▶ [PROBLEM] Only the lines below between the ones containing "Software-Entwicklung (S. 403)" and "Empfehlungen", inclusive, are to be reproduced, each exactly as it stands.

▶ [WORKING DATA]
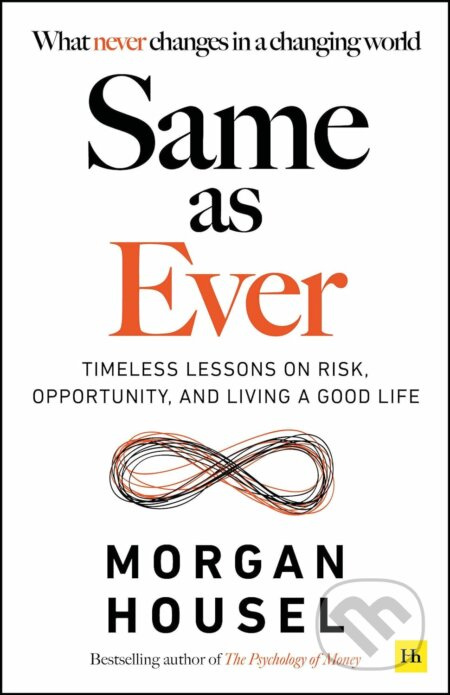 Same as Ever (Timeless Lessons on Risk, Opportunity and Living a Good Life) - kniha z kategorie Psychologie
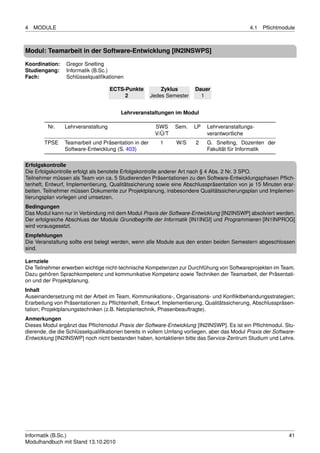 4   MODULE                                                                                    4.1   Pﬂichtmodule



Modul: Teamarbeit in der Software-Entwicklung [IN2INSWPS]

Koordination:    Gregor Snelting
Studiengang:     Informatik (B.Sc.)
Fach:            Schlüsselqualiﬁkationen

                                    ECTS-Punkte          Zyklus        Dauer
                                         2           Jedes Semester      1


                                        Lehrveranstaltungen im Modul

         Nr.    Lehrveranstaltung                     SWS     Sem.    LP    Lehrveranstaltungs-
                                                      V/Ü/T                 verantwortliche
        TPSE    Teamarbeit und Präsentation in der      1      W/S     2    G. Snelting, Dozenten der
                Software-Entwicklung (S. 403)                               Fakultät für Informatik

Erfolgskontrolle
Die Erfolgskontrolle erfolgt als benotete Erfolgskontrolle anderer Art nach § 4 Abs. 2 Nr. 3 SPO.
Teilnehmer müssen als Team von ca. 5 Studierenden Präsentationen zu den Software-Entwicklungsphasen Pﬂich-
tenheft, Entwurf, Implementierung, Qualitätssicherung sowie eine Abschlusspräsentation von je 15 Minuten erar-
beiten. Teilnehmer müssen Dokumente zur Projektplanung, insbesondere Qualitätssicherungsplan und Implemen-
tierungsplan vorlegen und umsetzen.
Bedingungen
Das Modul kann nur in Verbindung mit dem Modul Praxis der Software-Entwicklung [IN2INSWP] absolviert werden.
Der erfolgreiche Abschluss der Module Grundbegriffe der Informatik [IN1INGI] und Programmieren [IN1INPROG]
wird vorausgesetzt.
Empfehlungen
Die Veranstaltung sollte erst belegt werden, wenn alle Module aus den ersten beiden Semestern abgeschlossen
sind.

Lernziele
Die Teilnehmer erwerben wichtige nicht-technische Kompetenzen zur Durchfühung von Softwareprojekten im Team.
Dazu gehören Sprachkompetenz und kommunikative Kompetenz sowie Techniken der Teamarbeit, der Präsentati-
on und der Projektplanung.
Inhalt
Auseinandersetzung mit der Arbeit im Team, Kommunikations-, Organisations- und Konﬂiktbehandungsstrategien;
Erarbeitung von Präsentationen zu Pﬂichtenheft, Entwurf, Implementierung, Qualitätssicherung, Abschlusspräsen-
tation; Projektplanungstechniken (z.B. Netzplantechnik, Phasenbeauftragte).
Anmerkungen
Dieses Modul ergänzt das Pﬂichtmodul Praxis der Software-Entwicklung [IN2INSWP]. Es ist ein Pﬂichtmodul. Stu-
dierende, die die Schlüsselqualiﬁkationen bereits in vollem Umfang vorliegen, aber das Modul Praxis der Software-
Entwicklung [IN2INSWP] noch nicht bestanden haben, kontaktieren bitte das Service-Zentrum Studium und Lehre.




Informatik (B.Sc.)                                                                                            41
Modulhandbuch mit Stand 13.10.2010
 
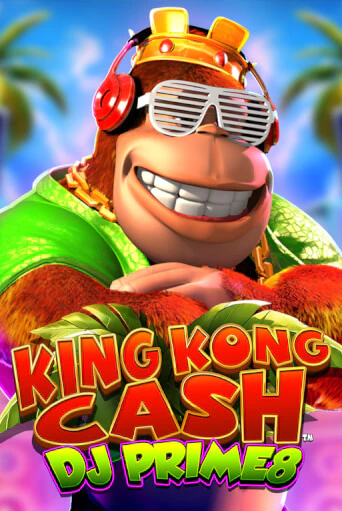 King Kong Cash DJ Prime8 онлайн игра GMSlots | GMSlots без регистрации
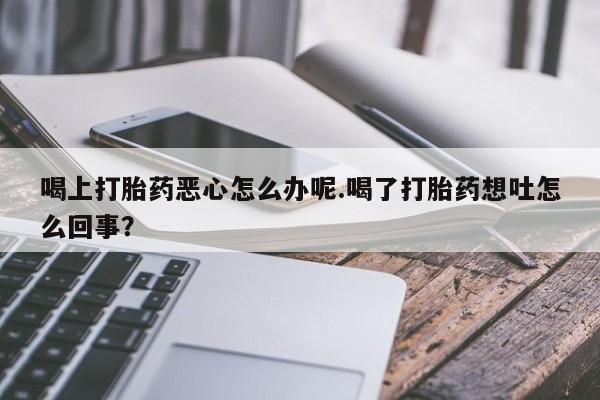打胎药怎么买喝上打胎药恶心怎么办呢.喝了打胎药想吐怎么回事？
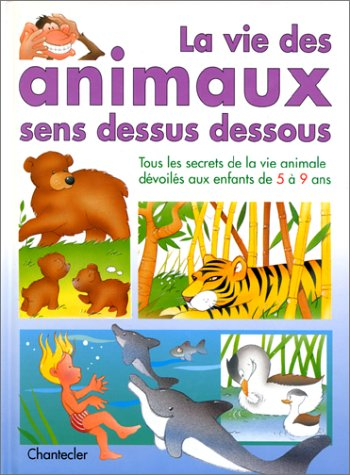 La vie des animaux sens dessus dessous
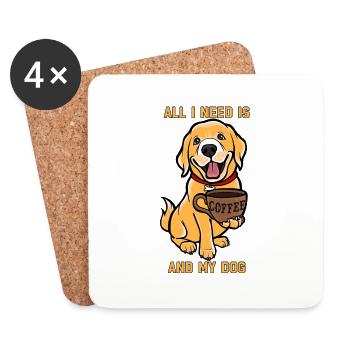 Alles, was ich brauche, ist Kaffee und mein Hund - Untersetzer (4er-Set) - Weiß - Vorne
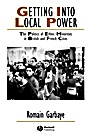 Getting Into Local Power: The Politics of Ethnic Minorities in British and French Cities - ISBN 9781405126977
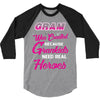 Gram Was Created Because Need Real Heroes 3/4 Sleeve Shirt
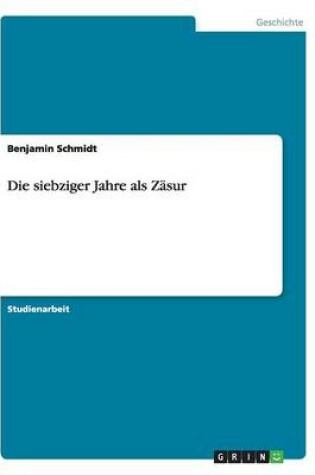 Cover of Die siebziger Jahre als Zasur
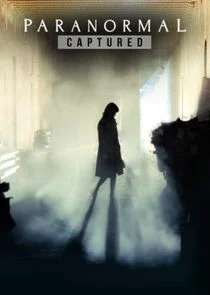 Paranormal Captured afişi
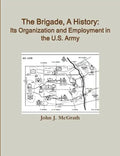 The Brigade, A History: Its Organization And Employment In The U.S. Army - Paperback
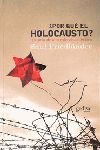 POR QU EL HOLOCAUSTO?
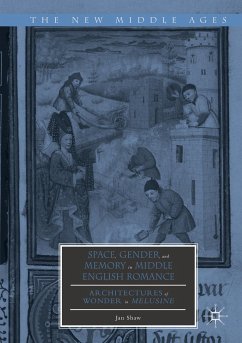 Space, Gender, and Memory in Middle English Romance - Shaw, Jan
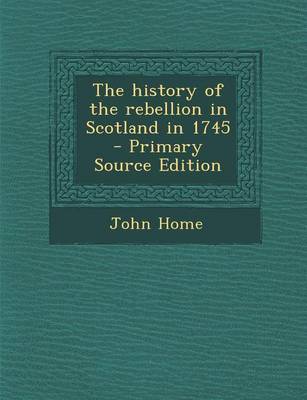 Book cover for The History of the Rebellion in Scotland in 1745 - Primary Source Edition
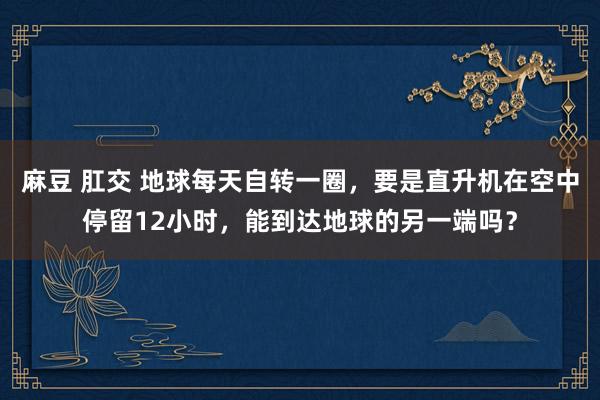 麻豆 肛交 地球每天自转一圈，要是直升机在空中停留12小时，能到达地球的另一端吗？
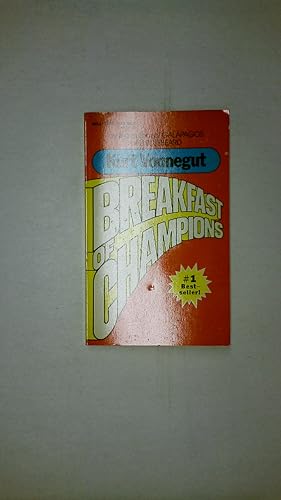 Seller image for BREAKFAST OF CHAMPIONS. for sale by Butterfly Books GmbH & Co. KG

▶ [SOLUTION FOR THIS PROBLEM]
                Software-Entwicklung (S. 403)                               Fakultät für Informatik

Erfolgskontrolle
Die Erfolgskontrolle erfolgt als benotete Erfolgskontrolle anderer Art nach § 4 Abs. 2 Nr. 3 SPO.
Teilnehmer müssen als Team von ca. 5 Studierenden Präsentationen zu den Software-Entwicklungsphasen Pﬂich-
tenheft, Entwurf, Implementierung, Qualitätssicherung sowie eine Abschlusspräsentation von je 15 Minuten erar-
beiten. Teilnehmer müssen Dokumente zur Projektplanung, insbesondere Qualitätssicherungsplan und Implemen-
tierungsplan vorlegen und umsetzen.
Bedingungen
Das Modul kann nur in Verbindung mit dem Modul Praxis der Software-Entwicklung [IN2INSWP] absolviert werden.
Der erfolgreiche Abschluss der Module Grundbegriffe der Informatik [IN1INGI] und Programmieren [IN1INPROG]
wird vorausgesetzt.
Empfehlungen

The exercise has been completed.